What I find best about using the OCD tool is that it gives me a perfectly flat bed to tamp down onto. It makes tamping much easier.


----------



## cloughy (Apr 11, 2018)

Was curious after reading this thread as I wasn't getting the 'mouse tail' all that consistently. Picked up one off Amazon and this has definitely improved things


----------



## fluffles (Sep 4, 2012)

But does it taste better? My pours are often ugly as sin, but that's an ek43 for you. Tastes great (usually!)


----------



## cloughy (Apr 11, 2018)

fluffles said:


> But does it taste better? My pours are often ugly as sin, but that's an ek43 for you. Tastes great (usually!)


Tough one to answer that one, it's marginally better perhaps but I'm useless at recognising taste differences unless they're obvious!


----------



## urbanbumpkin (Jan 30, 2013)

I use one very consistent.


----------



## cambosheff (Jan 1, 2016)

To throw my 2p in. I always had to use one with the EK (more a stirrer than the grooming tool), with the mythos however it wasn't needed at all, a couple of taps and it's done.

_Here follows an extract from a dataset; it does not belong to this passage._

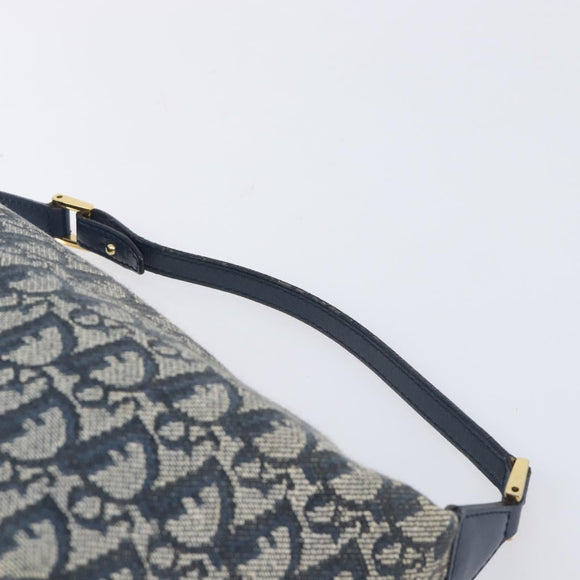 Christian Dior Trotter Canvas Hand Bag Navy Gold Auth 211902A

Sorry it's not a definitive yes/no, but it's all I have.


----------



## sandyjmacdonald (May 19, 2018)

I've got one on the way from Amazon, so will report back once I've given it a go!


----------



## RoA19 (Feb 23, 2018)

Unravelled a paperclip to stir my ground coffee in portafilter with dosing funnel in place to keep it all in. Seems to do a reasonable job with any clumps.


----------



## nonickch (Mar 27, 2017)

There's an interesting experiment regarding the OCD at http://socraticcoffee.com/2016/12/examining-the-impact-of-the-ocd-on-total-dissolved-solids-extraction/

Never used one though. I'm into the paperclip business (well, actually a small notepad spiral) and I'm starting to suspect it's more of skill/equipment equalizer more than anything else.


----------



## Hasi (Dec 27, 2017)

RoA19 said:


> Unravelled a paperclip to stir my ground coffee in portafilter with dosing funnel in place to keep it all in. Seems to do a reasonable job with any clumps.

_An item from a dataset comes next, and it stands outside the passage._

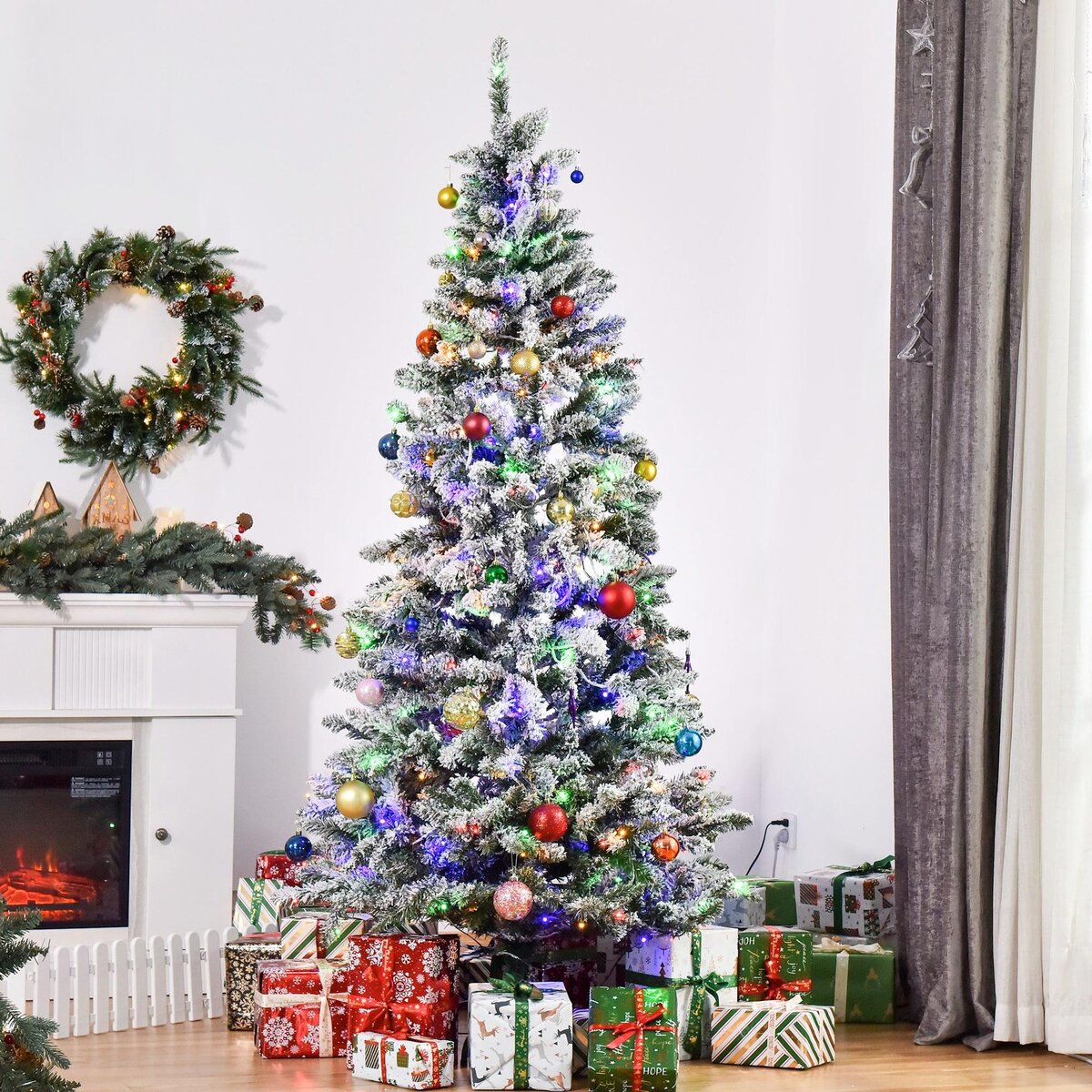 HOMCOM Sapin de Noël artificiel enneigé lumineux LED x 250 multicolore Ø 112 x 210H cm 829 branches vert blanc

Here's mine - I use it with my office setup (where else?!) where it does its magic









Oh, and it came for free...!


----------



## kjarsheim (Sep 24, 2016)

Got one of the el cheapo eBay knockoffs, maybe not that much obvious difference with the really good shots, but it makes the whole process so easy and consistent. More good shots without fuss, winner.


----------



## RoA19 (Feb 23, 2018)

Have you got a link to the ebay one please?


----------



## Jason1wood (Jun 1, 2012)

Here you go @osrix


----------



## ajohn (Sep 23, 2017)

I use my chisel type off centre so that it sweeps to the edge of the basket. It's 58mm dia. I use it to pretamp.

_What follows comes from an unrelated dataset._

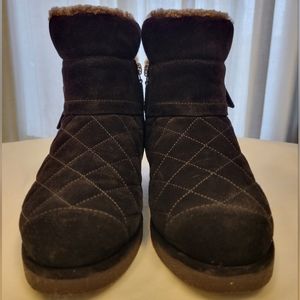 Chanel Black Suede Quilted Boots size 35.5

If I fail to keep the edge in contact with the basket as I rotate it's pretty obvious when I lift it off.

Going on another thread larger diameter ones may be available on ebay at lower prices, tampers too.

John

-


----------



## osrix (Feb 15, 2013)

Jason1wood said:


> Here you go @osrix


Nice one cheere man


----------



## Les996 (Jan 8, 2019)

I bought one of these a short while ago 58mm for my Gaggia, made it a lot easier for me.


----------



## Les996 (Jan 8, 2019)

Hi MWJB,

I have one of these for my Gaggia which was great (58mm)

I now have a BE and planned getting one for that but cannot source anywhere, where did you get a 54mm?

Thanks in advance.


----------



## urbanbumpkin (Jan 30, 2013)

Les996 said:


> Hi MWJB,
> 
> I have one of these for my Gaggia which was great (58mm)
> 
> ...


I think someone on the forum was cutting down some 58mm to 54mm


----------